Before precomputation is introduced, AnalyticDB for PostgreSQL returns query results by using joins. After precomputation is introduced, AnalyticDB for PostgreSQL precomputes data to generate statistics. Each precomputation must be scheduled based on the data source and data aggregation method. AnalyticDB for PostgreSQL supports two data aggregation methods: stream computing and batch computing.

Day-level precomputation

Historical statistics are not updated and some new statistics are added. New statistics must be written into the t_result table in real time.

insert into t_result
select
  t1.day,
  t2.brand,
  t1.groupid,
  t3.tag1,
  t3.tag2,
  t3.tag3,
  ...
  count(1) as cnt,
  array_agg(uid) as uids,
  hll_add_agg(hll_hash_integer(uid)) as hll_uids
from
  t1,
  t2,
  t3
where
  t1.uid = t3.uid
  and t1.uid = t2.uid
group by
  t1.day,
  t2.brand,
  t1.groupid,
  grouping sets (
    (t3.tag1),
    (t3.tag2),
    (t3.tag3),
    (...),
    (t3.tagn)
  )

Statistics aggregation

If data is precomputed at the day level but you want to query data of a specific month or year, AnalyticDB for PostgreSQL aggregates precomputed day-level statistics to respond to your query. AnalyticDB for PostgreSQL supports asynchronous aggregation. The data view returned to you is the aggregation results generated by AnalyticDB for PostgreSQL.

t_result_month (
  month,    -- yyyy-mm
  brand,    -- The ID of the brand.
  groupid,  -- The ID of the sales territory (channel) or shop.
  tag1,     -- Tag 1 bound to users.
  tag2,     -- Tag 2 bound to users.
  tag3,     -- Tag 3 bound to users.
  ...       -- Tag n bound to users.
  cnt,      -- The number of users.
  uids,     -- The user IDs in an array. This field is optional.

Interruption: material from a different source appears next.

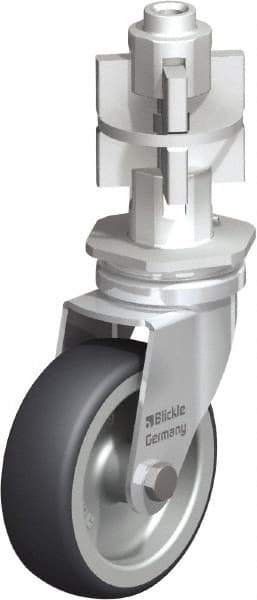 Blickle - 3" Diam x 63/64" Wide x 4" OAH Metal Expander Mount Swivel Caster - Rubber Elastomer (TPE), 165 Lb Capacity, Plain Bore Bearing, Metal Expander Stem - USA Tool & Supply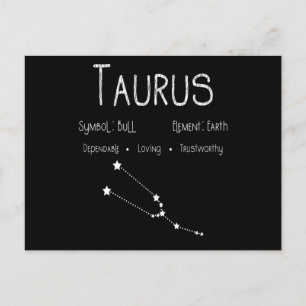Postal Regalo de la Constelación del Signo Zodiacal Tauro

If you do not want user IDs, you can choose not to save them.
  hll_uids  -- The user IDs estimated by HyperLogLog.
)

To aggregate data from multiple arrays, define the following function:

postgres=# create aggregate arragg (anyarray) ( sfunc=arr_merge, stype=anyarray);
CREATE AGGREGATE
postgres=# select arragg(c1) from (values (array[1,2,3]),(array[2,5,6])) t (c1);
   arragg
-------------
 {6,3,2,1,5}
(1 row)

For example, execute the following SQL statements to aggregate data at the month level:

select
  to_char(day, 'yyyy-mm'),
  brand,
  groupid,
  tag1,
  tag2,
  tag3,
  ...
  array_length(arragg(uid),1) as cnt,
  arragg(uid) as uids,
  hll_union_agg() as hll_uids
from t_result
group by
  to_char(day, 'yyyy-mm'),
  brand,
  groupid,
  tag1,
  tag2,
  tag3,
  ...

Based on the preceding example, you can obtain statistics aggregated at the year level.

Stream computing

Stream computing is used to aggregate statistics in real time. If the data volume is large, you can use the partition key to distribute data to different stream compute nodes. After the stream compute nodes complete processing, they send processing results to AnalyticDB for PostgreSQL (base on GPDB).